Ray Dalio is its founder, Chief Investment Officer and Co-Chairman as well as a philanthropist and author.
In 2014, Ray Dialo published “How the Economic Machine Works” (2014). This 31 minute animated video boasts over 7 million views, in various languages.
Dalio is at it again in 2018, this time with a series on “Principles of Success”.
Principles of success: state of the art video execution and distribution
The content is educational, directly inspired by Dalio’s thought leadership and wrapped in short stories forming the episodes of the series.
The format of the animated video is described as an “ultra-mini series adventure” available individually.
The whole series is also available as a 28-minute film.

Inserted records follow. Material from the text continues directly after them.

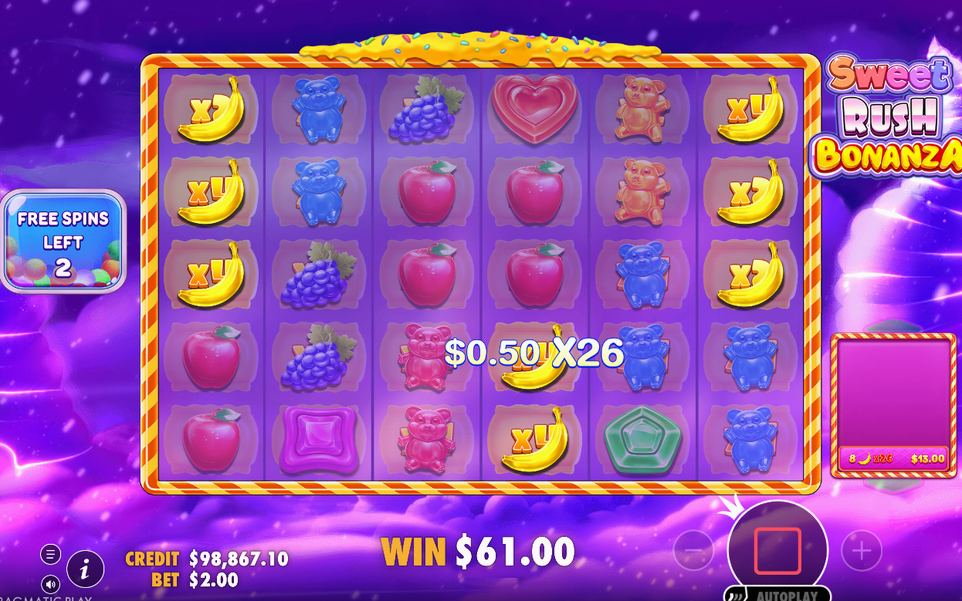 Free Spins screen on the 6x5 grid during a round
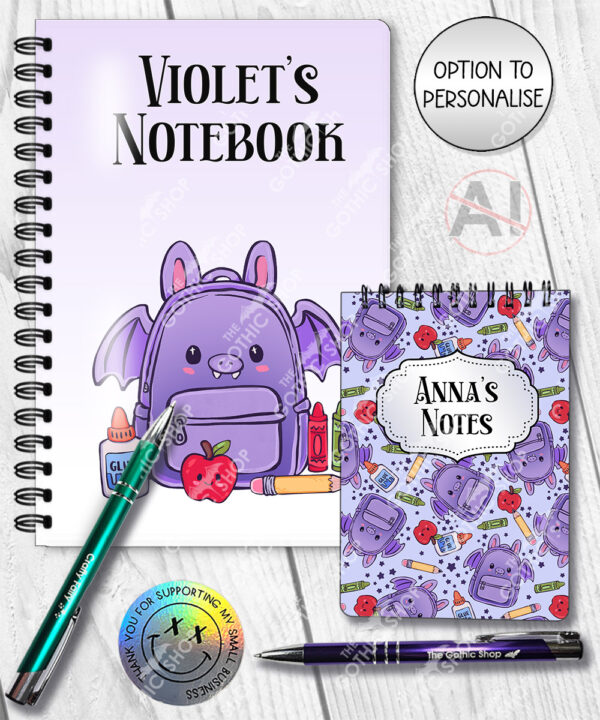 20139 personalised bat school notebook 1
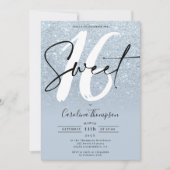 Invitation Bleu parties scintillant bordure script photo Swee (Devant)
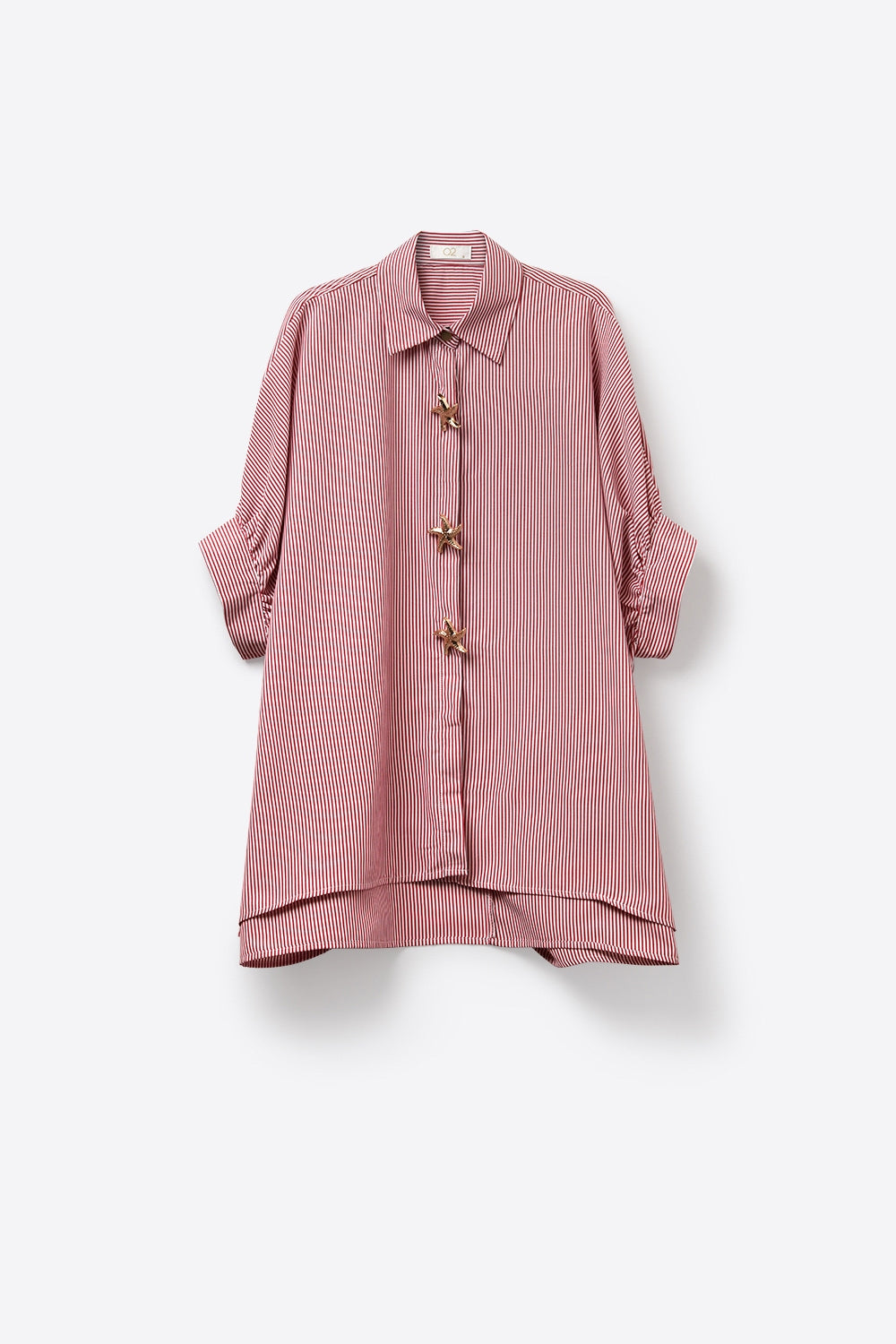 Chemise en popeline à rayures oversize rose avec boutons étoile de mer
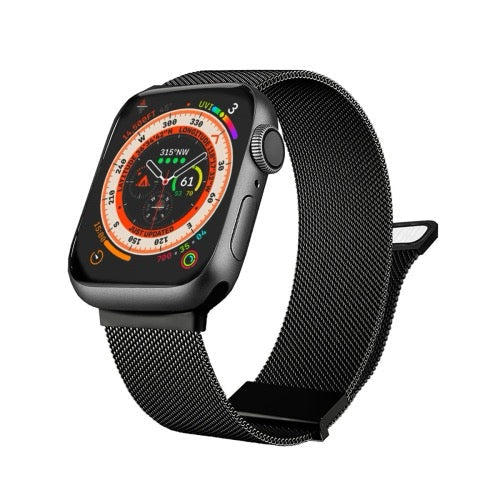 Pour Apple Watch Ultra 49mm Milan Bracelet de montre en maille d'acier magnétique double - Wakeshopes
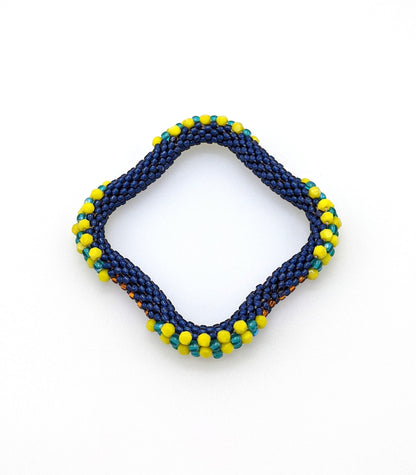 Beachy Blue Square Bead Crochet Bangle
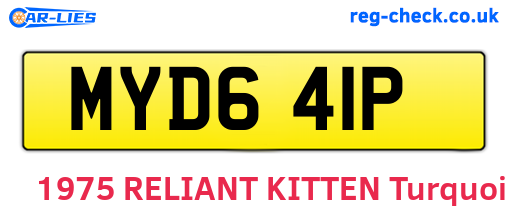 MYD641P are the vehicle registration plates.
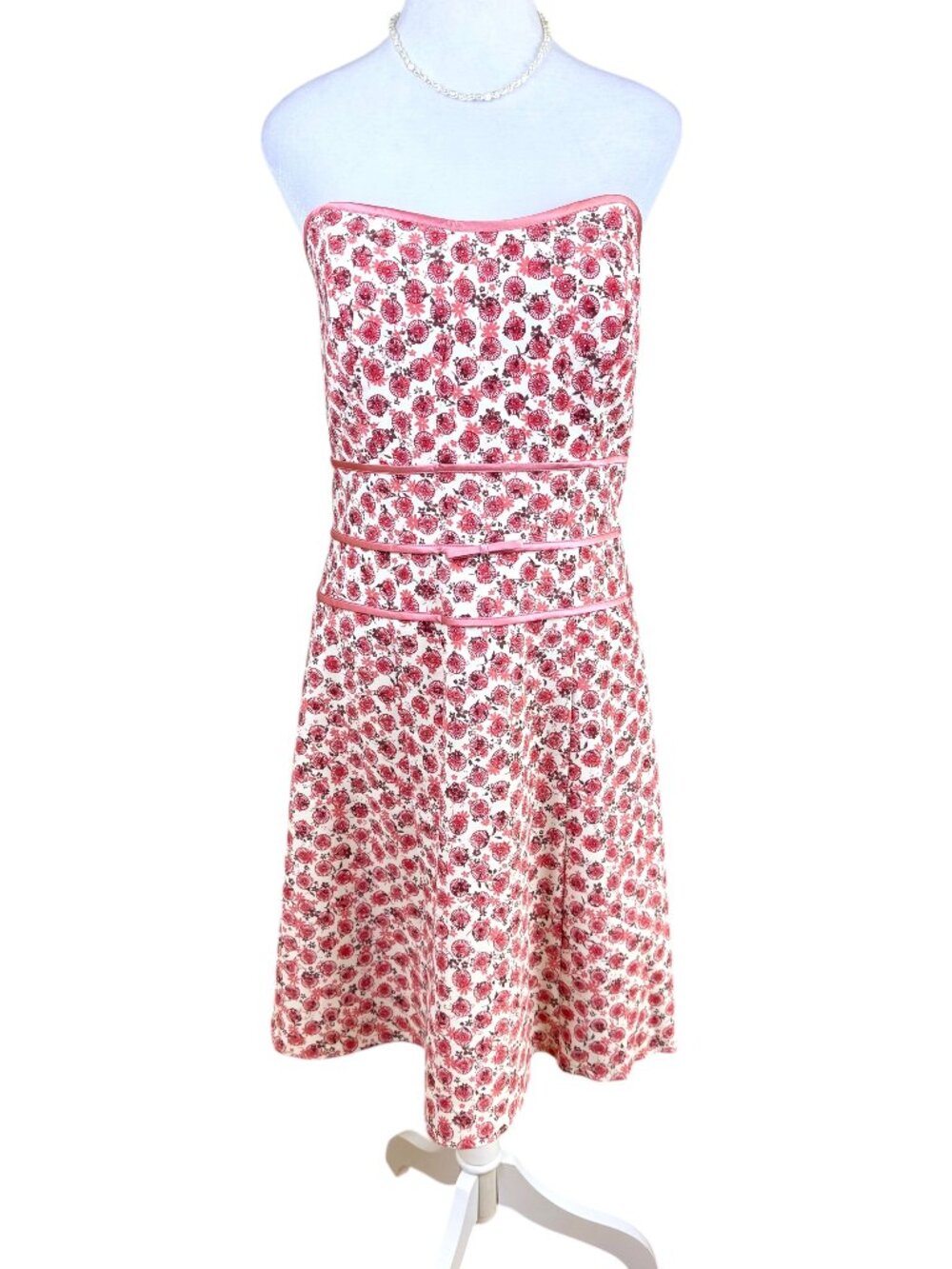 Allen B. Swartz Dress Strapless Floral Medallions White Pink Multi (10)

The release of the episodes exhibited careful campaign planning across platforms. It leveraged the personal following of Dalio and powerful advocates as diverse as P. Diddy or Tony Robbins.
The episodes were staggered across seven days and published at the same time across Linkedin, YouTube, Facebook where they have their own “Show”.
It is unlikely that this type of content marketing for hedge funds becomes the norm, yet Dalio’s success could tempt others in this secretive industry to share their knowledge with a greater audience.
Do you want more inspiration about content marketing for the financial industry? Check this free report on the content strategies of the most successful financial firms on the web.
The content marketing challenge for wealth managers
A recent PWC report indicates that wealth management is one of the least tech literate sectors of financial services.
In the traditional wealth management world, discretion is highly valued and clients are acquired through existing relationships or word of mouth. Institutional communication relies heavily on research or ‘views’ on the market.
These elements alongside with the digital lag explain why content marketing still plays a relatively minor role in the industry. This is not due to a lack of opportunities to create engaging content, as the example of US-based Ritholtz Wealth Management (RWM) demonstrates.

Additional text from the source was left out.